* [WHAT NEEDS TO BE DONE]: What you give back from the listing below should be an exact copy of the lines from the one with "Children wave Australian" down to the one with "Exceptional teak dining", and it should contain no pictures.

* [MATERIAL PROVIDED]:

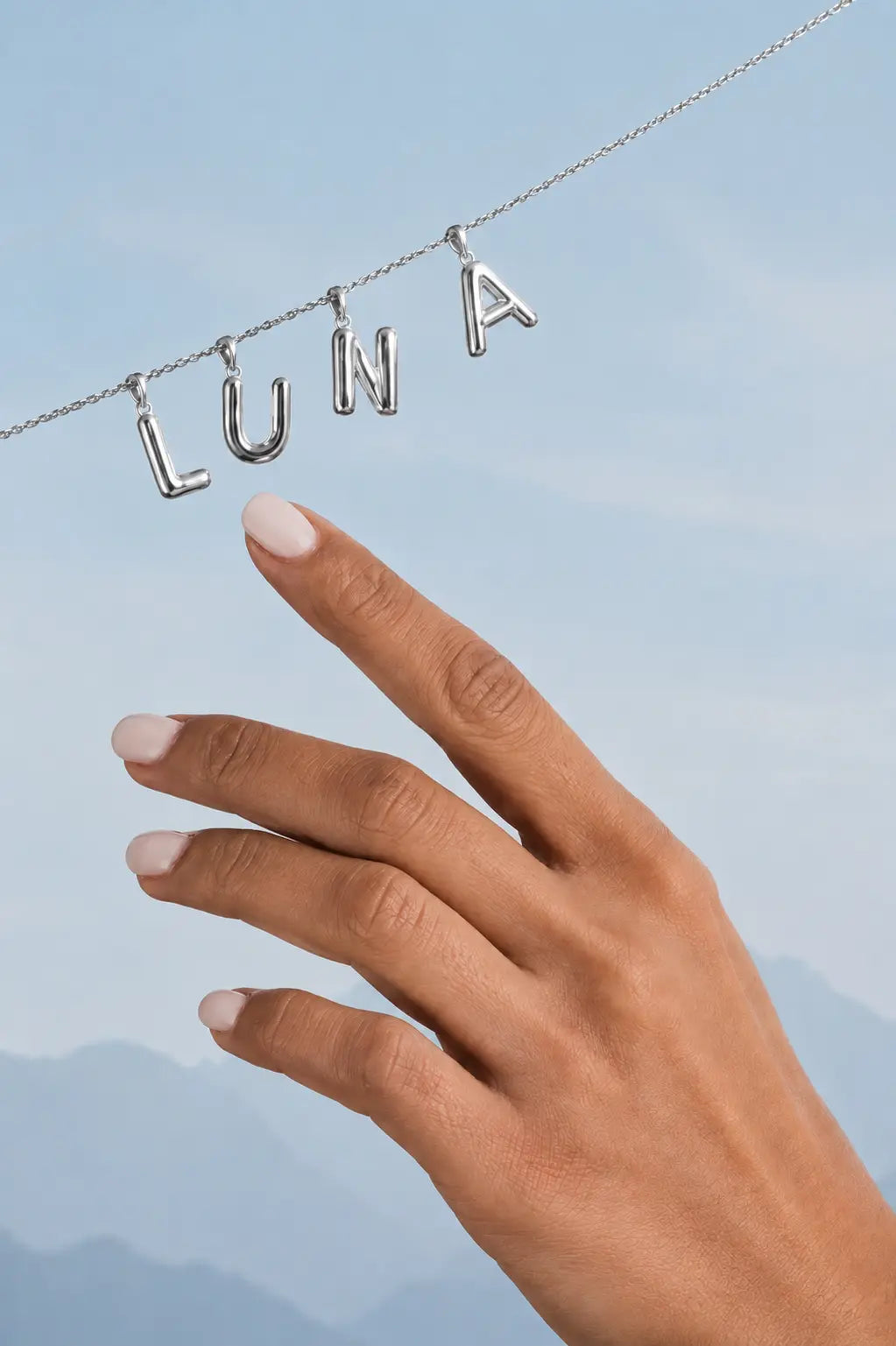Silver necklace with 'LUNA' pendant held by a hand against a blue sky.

--

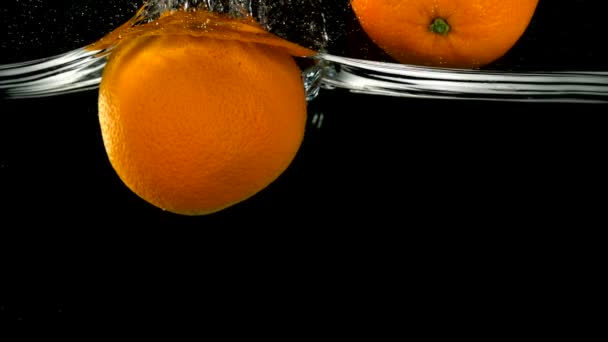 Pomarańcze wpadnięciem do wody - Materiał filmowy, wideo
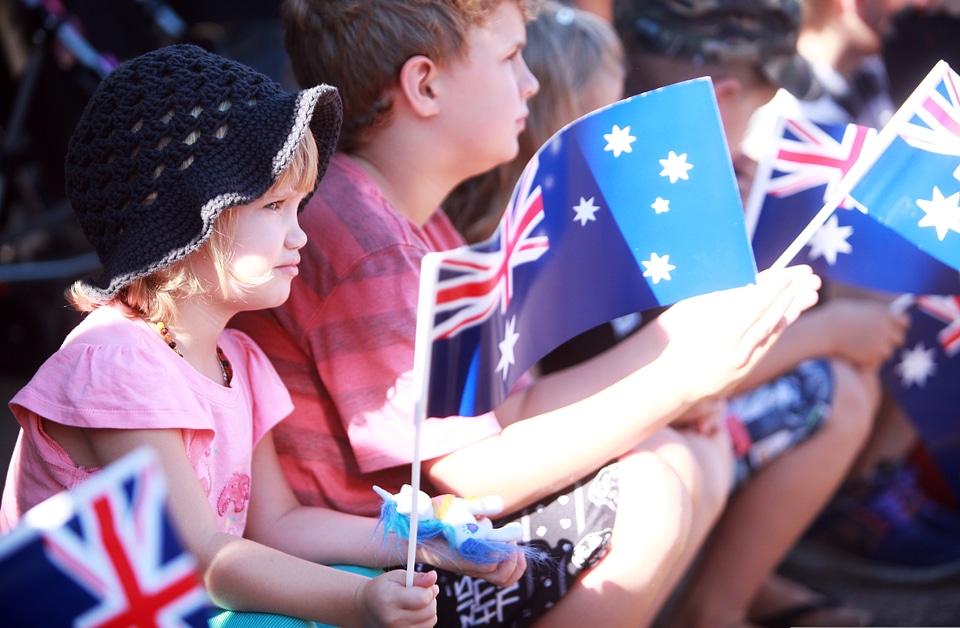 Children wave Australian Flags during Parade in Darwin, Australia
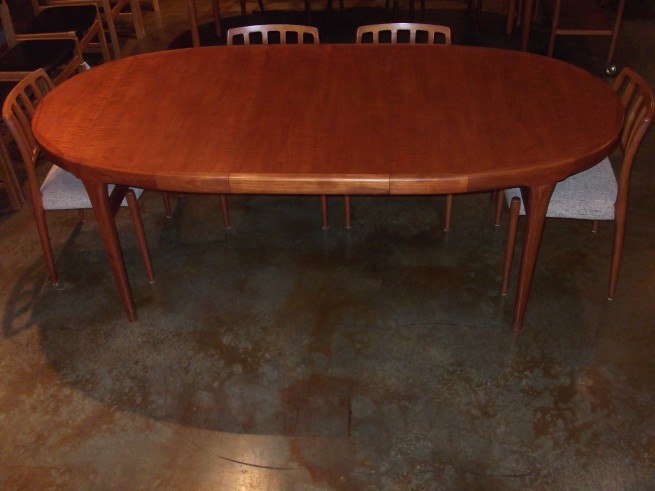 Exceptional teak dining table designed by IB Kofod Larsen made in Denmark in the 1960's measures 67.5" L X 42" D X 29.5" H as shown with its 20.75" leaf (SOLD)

* [WORKED SOLUTION]:
 Children wave Australian Flags during Parade in Darwin, Australia
 Exceptional teak dining table designed by IB Kofod Larsen made in Denmark in the 1960's measures 67.5" L X 42" D X 29.5" H as shown with its 20.75" leaf (SOLD)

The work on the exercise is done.